DATA Start Marker

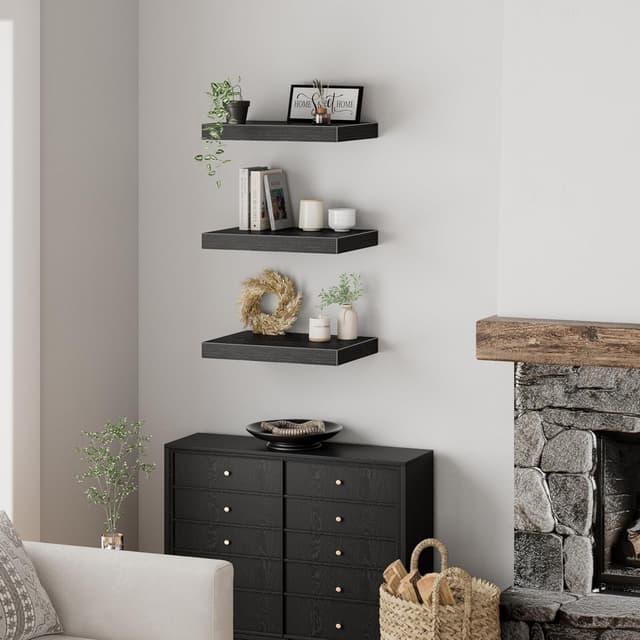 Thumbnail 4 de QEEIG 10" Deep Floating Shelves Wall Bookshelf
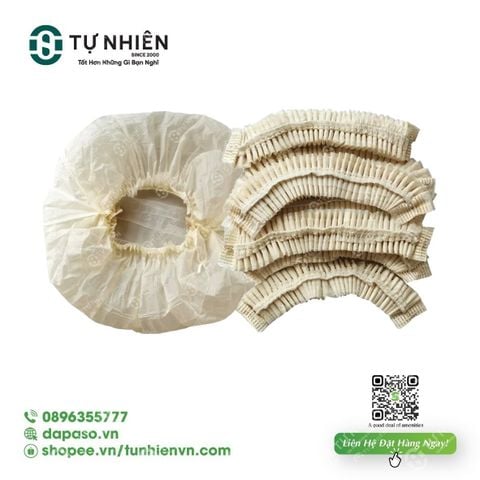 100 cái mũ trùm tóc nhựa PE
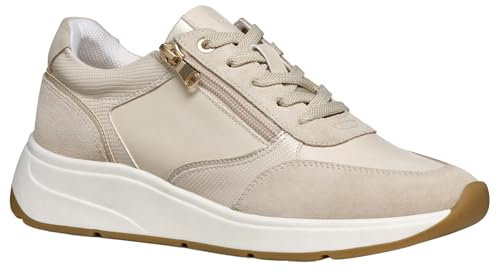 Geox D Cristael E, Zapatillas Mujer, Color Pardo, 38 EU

DATA End Marker
DATA Start Marker

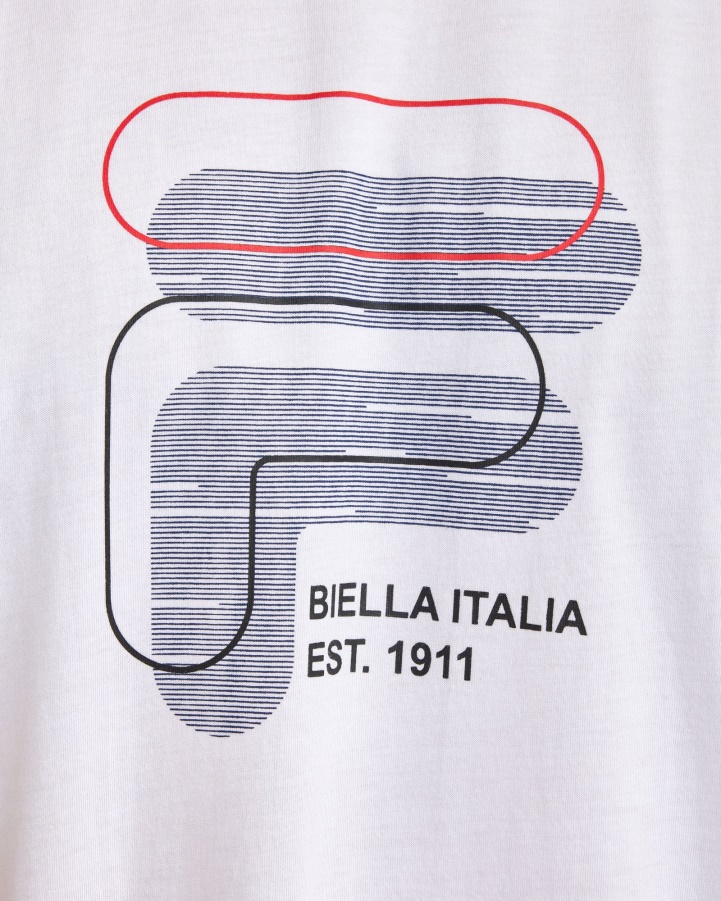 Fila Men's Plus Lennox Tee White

DATA End Marker

| REQUIRED ACTION |
Set the pictures aside and reproduce exactly the lines above, from the line holding "100 cái mũ trùm tóc nhựa PE" through the line holding "Geox D Cristael", both included, with nothing else.

| RESULT |
 100 cái mũ trùm tóc nhựa PE
 Geox D Cristael E, Zapatillas Mujer, Color Pardo, 38 EU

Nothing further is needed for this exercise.